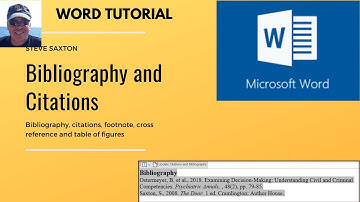 Bibliography in Microsoft Word. Add a bibliography to a dissertation. Harvard style. Multiple source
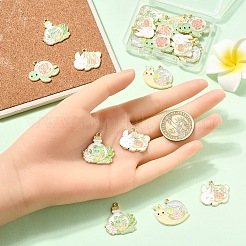 20Pcs 4 Styles Alloy Enamel Pendants&nbsp;ENAM-YW0004-95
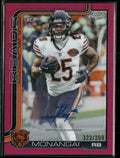 2025 Topps Chrome Rookie Auto Magenta Refractor Kyle Monangai #/399 #RA-KYM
-------------------------
## Assignment
Your copy should match the material above exactly, minus its pictures.

## Output below
 Bibliography in Microsoft Word. Add a bibliography to a dissertation. Harvard style. Multiple source
 20Pcs 4 Styles Alloy Enamel Pendants&nbsp;ENAM-YW0004-95
 2025 Topps Chrome Rookie Auto Magenta Refractor Kyle Monangai #/399 #RA-KYM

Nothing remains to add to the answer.